| WHAT YOU NEED TO DO |
Make an exact copy of every entry, leaving the pictures out.

── TASK INPUT

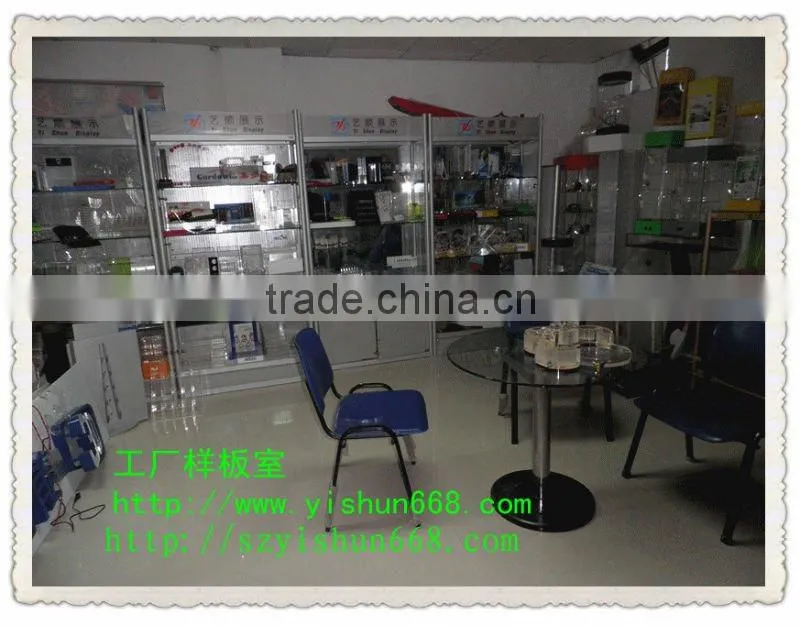 Cheap Salon Furniture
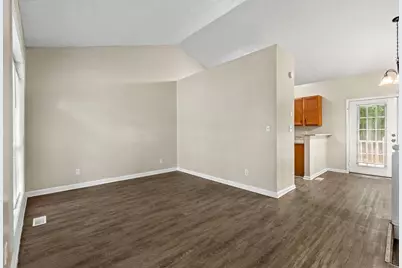 118 Black Oak Court, Stockbridge, GA 30281 - Photo 11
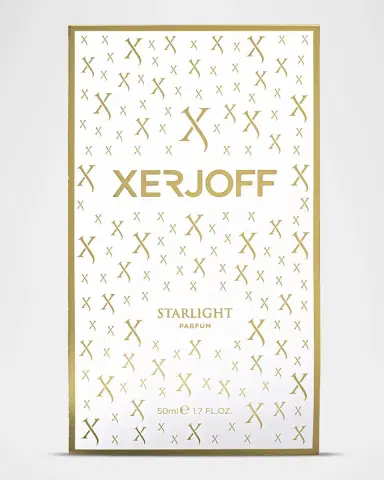 Xerjoff Starlight Parfum, 1.7 oz. | Thumbnail 5 Xerjoff Starlight Parfum, 1.7 oz. | Thumbnail 5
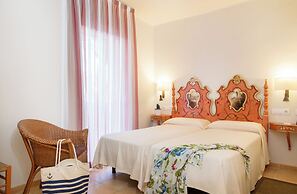 Hotel Sant Roc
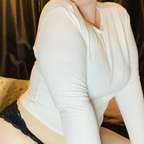 Free access to @pinky2039 Leak OnlyFans 

 profile picture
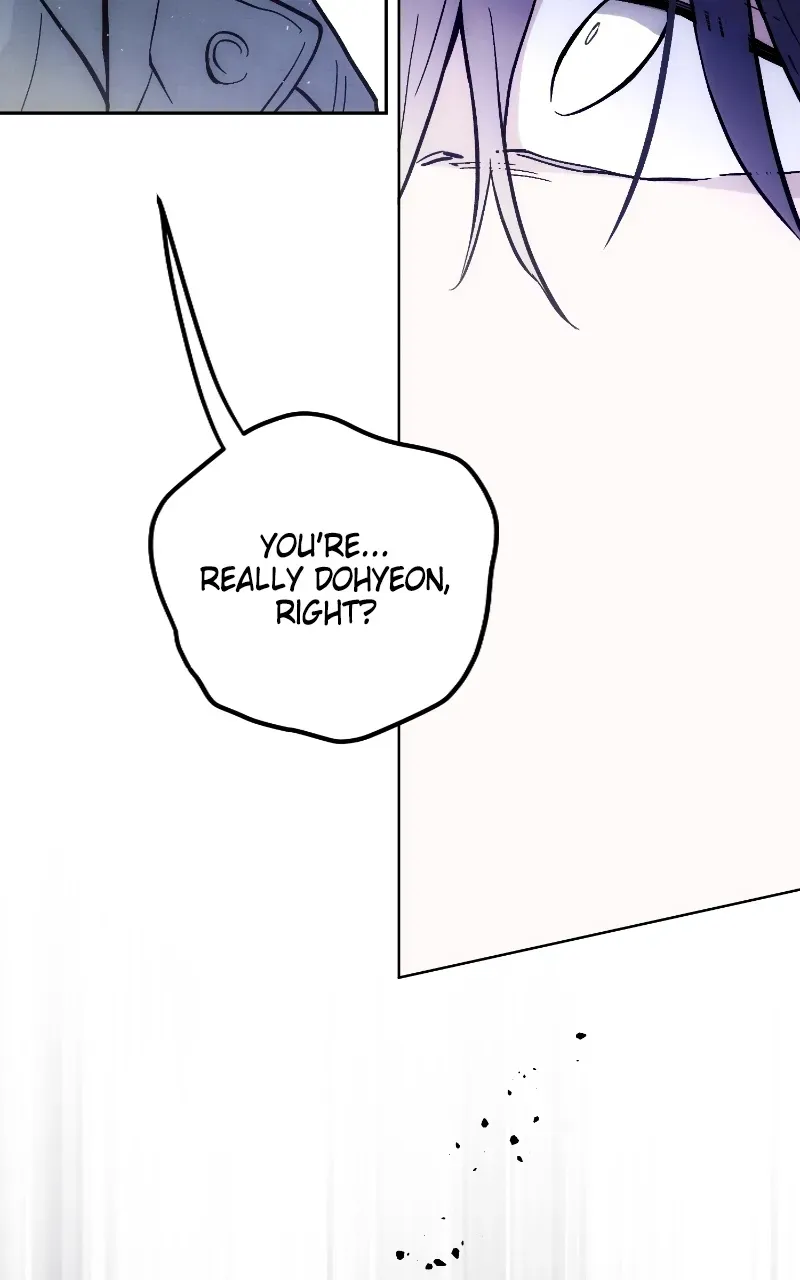 Anata ni Muchuu Chapter 38 page 9 -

────

| RESULT OF THIS TASK |
 Cheap Salon Furniture
 118 Black Oak Court, Stockbridge, GA 30281 - Photo 11
 Xerjoff Starlight Parfum, 1.7 oz. | Thumbnail 5 Xerjoff Starlight Parfum, 1.7 oz. | Thumbnail 5
 Hotel Sant Roc
 Free access to @pinky2039 Leak OnlyFans 

 profile picture
 Anata ni Muchuu Chapter 38 page 9 -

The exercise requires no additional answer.